Le tendió la mano, pero ella se sentó en la silla, con una sombra de preocupación en la cara, y abrió un cajón.
– Hay otra cosa. Ya que usted representa al señor Hartnell, no podremos entregarle las citaciones cuando llamemos a otros testigos de MD. El potencial de conflicto es demasiado elevado.
Stern comprendió que se avecinaba algo nuevo. Klonsky estaba diciendo que pronto saldría en busca de los empleados de Dixon y que trataría de obligarlos a declarar contra el jefe. Si el gobierno se salía con la suya, cada uno tendría un abogado diferente. Ésta era la actitud habitual de los fiscales. Divide y vencerás. Con el pretexto de proteger la ética profesional, intentaban que cualquiera que tuviera algo que revelarles no quedara bajo la influencia del abogado del blanco de la investigación. Stern aceptaba de buen grado los preceptos éticos pero consideraba que el derecho a determinar conflictos en principio era suyo, no de la fiscalía. Protestó, pero Klonsky adoptó su expresión severa y no aceptó más objeciones.
– De todos modos -continuó-, Stan pensó que esta citación se le debía entregar a usted. Como cortesía. -Abrió un sobre y sacó una hoja de papel que le tendió a Stern-. Le dimos bastante tiempo, casi un mes, así que usted tendrá tiempo suficiente para ayudarlo a buscar asesoramiento de otro profesional.
Stern asintió obtusamente. Miró a Klonsky, quien estaba llenando un casillero en el dorso de su copia para consignar cuándo y a quién se había entregado la citación.
Había pasado un momento agradable, pensó Stern con repentina desolación, bromeando con esa joven capaz, evaluando su carácter. Ahora esto. Cuando miró la citación, sintió el peso de la consternación en los brazos. Quiso maldecir a Dixon y sus tortuosos procedimientos. Por el modo en que manejaban esto, el admitido tratamiento especial, Stern sospechó enseguida de qué se trataba.

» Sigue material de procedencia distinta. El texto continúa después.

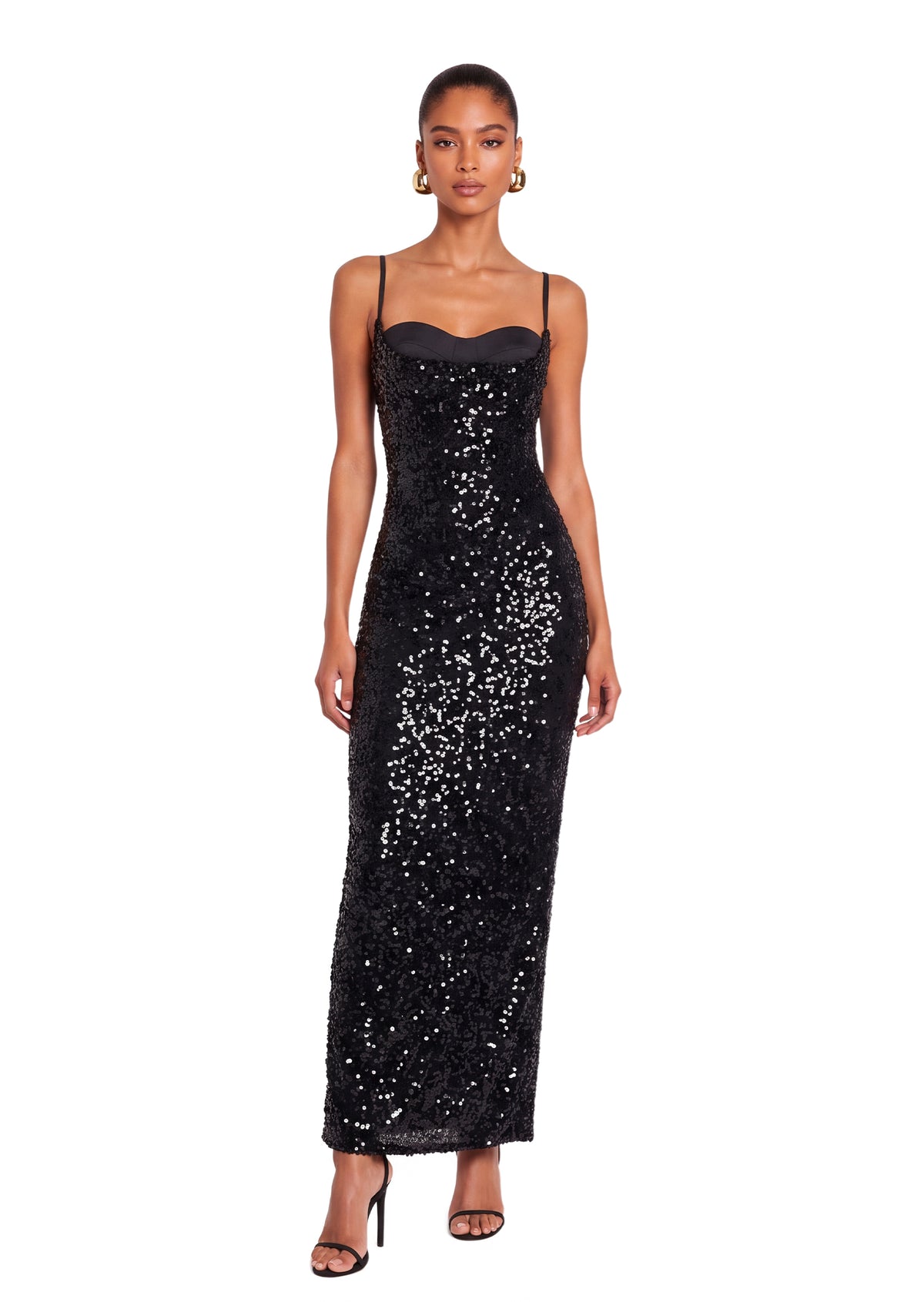 Gagenia Sequin Sleeveless Maxi Dress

– ¿Piensan ustedes convocar a otras personas del despacho de pedidos? -preguntó con aire indiferente, con la esperanza de que ella no reparara en la importancia de la pregunta.

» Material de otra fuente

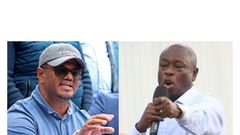 Former DP Rigathi Gachagua and UDA Secretary General Hassan Omar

Klonsky negó con la cabeza mientras escribía. Stern se alarmó aún más. Los albaranes de pedido que Margy había prometido solicitar a la oficina de Kindle no le habían llegado, pero ahora supo lo que revelarían. Dixon no había pedido a cualquier persona del despacho que adelantara la operación, como había pensado Margy; eso habría implicado un riesgo excesivo, la posibilidad de que alguien astuto y descontento pudiera abrir el pico, plantear objeciones. Dixon había comunicado la orden a un sujeto obediente, el único individuo del despacho de pedidos con quien el gobierno necesitaba hablar. Sin duda, era el marido de su hija. Stern plegó la citación en tres. En las líneas punteadas para el nombre y el domicilio decía «John Granum». Ahora su yerno estaba citado para testimoniar ante el gran jurado. El temor de Klonsky ante una influencia indebida sobre los testigos críticos parecía más comprensible.